_RECORDS FOR THE EXERCISE_.
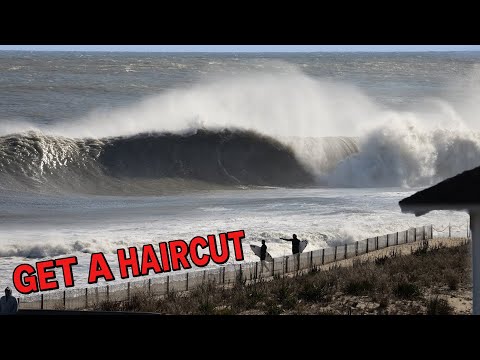 "Get a Haircut" a Surf Movie by Ben Gravy Surfboards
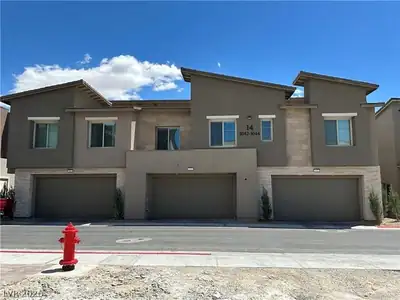 600 North Carriage Hill Drive 1043, Las Vegas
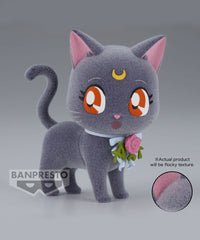 Banpresto - Luna Pretty Guardian Sailor Moon Fluffy Puffy Dress Up Style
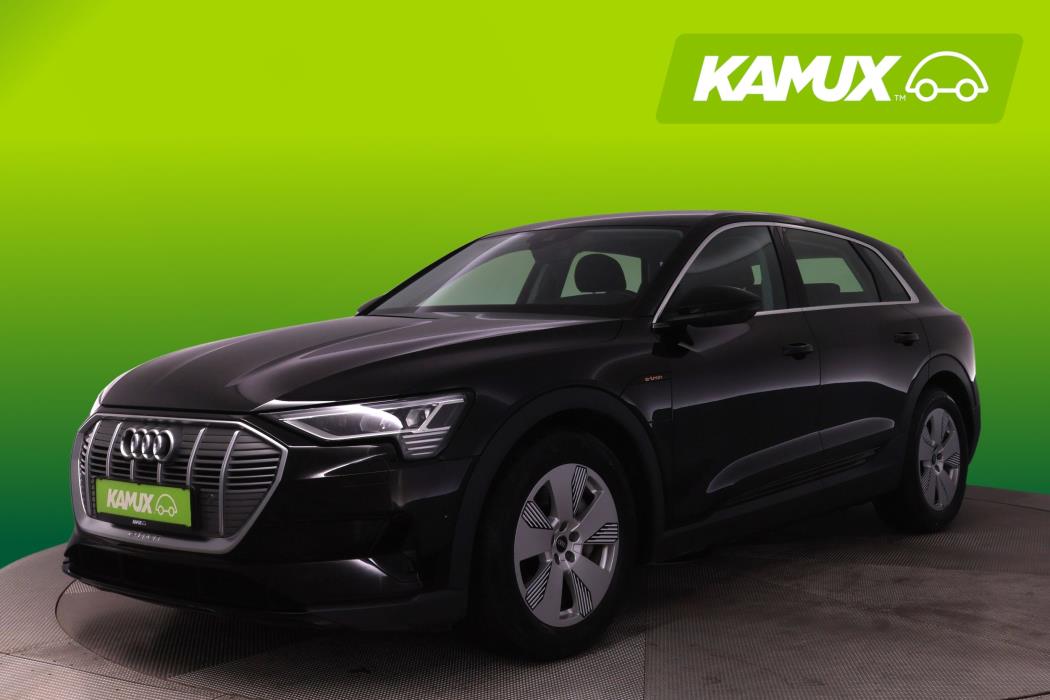 Audi e-tron 2022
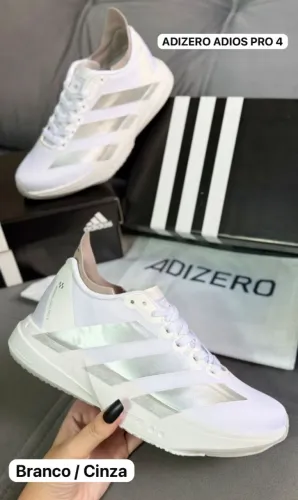 TÊNIS ADIDAS ADIZERO 4D SOMENTE ATACADO 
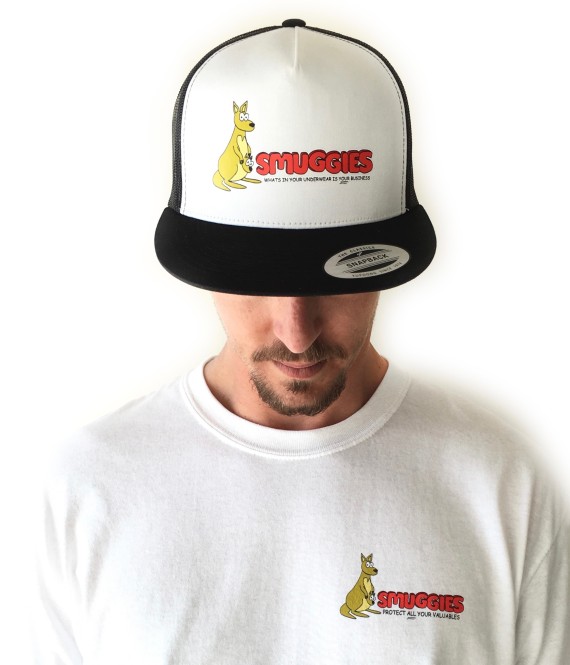 Classic Trucker Snapback Hat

_ACTIVITY_.
Give back exactly the lines from the line with "Audi e-tron 2022" through the end of the records, both included; keep all pictures out.

_ANSWER TO THIS PROBLEM_.
 Audi e-tron 2022
 TÊNIS ADIDAS ADIZERO 4D SOMENTE ATACADO 
 Classic Trucker Snapback Hat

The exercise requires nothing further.